The assumption a PR person works under is that the pitch has a message your readers might find value in. Smart PR people figure out how to find the benefit, craft the pitch accordingly, and build a relationship with the blogger.
Unfortunately, not all PR people are as thoughtful and are broadly spamming bloggers, journalists, and media. I’ve been doing PR for 25 years and there are regularly stories about PR people who do dumb things, including offering trips and money to bloggers for coverage.
Ultimately the PR person’s job is to drive awareness and consideration about whatever company, product, or brand they represent and they need to do it in a highly ethical and strategic way.
Some bloggers have found success working with PR agencies as a “brand ambassador.” What is then the difference between PR coverage and brand ambassadorship?

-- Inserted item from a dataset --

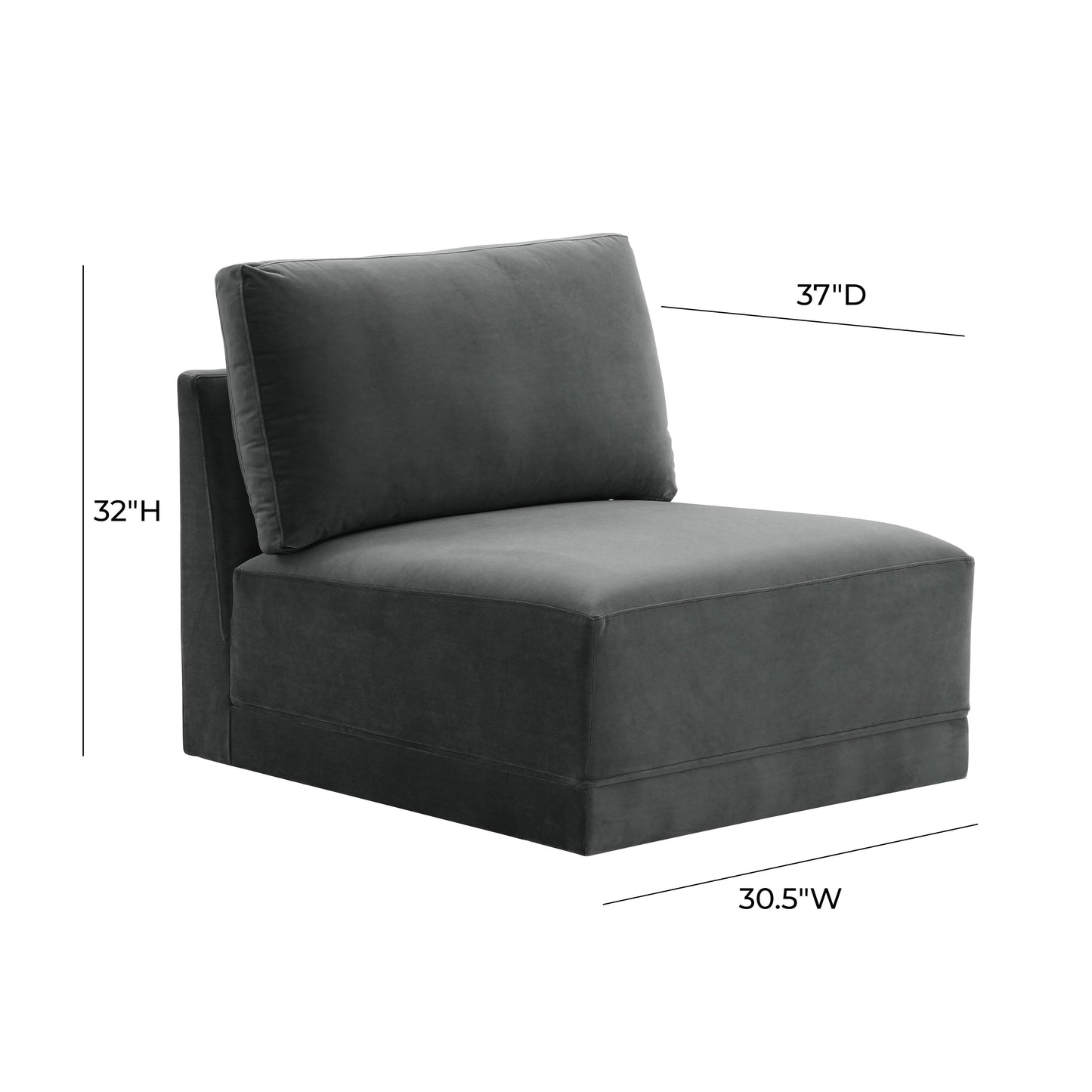 bree charcoal armless chair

Typically, my interpretation of a brand ambassador, or spokesperson, is that the ambassador speaks to the media. Your job as a spokesperson is to get the person you are talking to excited about the brand you represent. And then that person, they can be a blogger, journalist or even a consumer, gets interested and spreads the message. Spokespeople are often experts in a field or influential in a specific space. The spokesperson carries the company’s message and keeps people talking to them.
This is where media training comes in, right?
Being a good spokesperson is an art, just like being a great public speaker or storyteller. There are a lot of media dos and don’ts and the art is in honing your message and finding those high impact sound bytes that will get picked up and get the company’s name included in an article or story. Media training is rigorous and ongoing. It’s a critical part of preparing a spokesperson to go out and represent a brand.
If a blogger gets pitched and they are more interesting in a paying opportunity, what do you recommend?
There is certainly an opportunity for bloggers to contribute and get paid. Perhaps they can get paid to write a story for the company blog. Often, the relationships between PR and bloggers can also lead to advertising opportunities as another potential source of revenue.
Before we go, I have to ask you about the so-called “blacklists” PR agencies are rumored to keep. This is something we love to speculate over. Is there such a thing? And if so, what would get a blogger blacklisted?
I think there is an unwritten expectation of trust between PR people, journalists, and bloggers. Many times a PR person will release information under an embargo, as in – “I’m giving you this information in advance but you cannot post your story until the specific date I give you.” More and more media outlets simply won’t take any information under embargo. I totally get that. But if a blogger took the information and didn’t maintain the embargo and just ran the story, that would make me, as a PR person, less likely to work with them in the future. The blacklisted thing seems pretty severe, in my opinion. I also think a lot of the “blacklisting” is situational. This is a symbiotic relationship. Ideally, the blogger needs the PR person and the PR person needs the blogger. So we are constantly finding ways to work together that’s mutually beneficial.
What would benefit the blogger, besides money? The information, the relevance? I think there are a lot of bloggers who feel they don’t need the constant stream of pitches. I hear a lot of bloggers complain about it, actually.
What I’m hoping the blogger I’m pitching to needs is a constant source of relevant news, topics, and story ideas. It’s hard to write and run a blog and keep abreast of everything at the same time. If the relationship is kept up over time, then maybe the blogger gets the opportunity to break news, which drives up their equity in the space.
Hopefully your PR relationships as a blogger are keeping a constant flow of ideas coming in. I’d like to think the relationship goes both ways.
This article has been edited for length and clarity.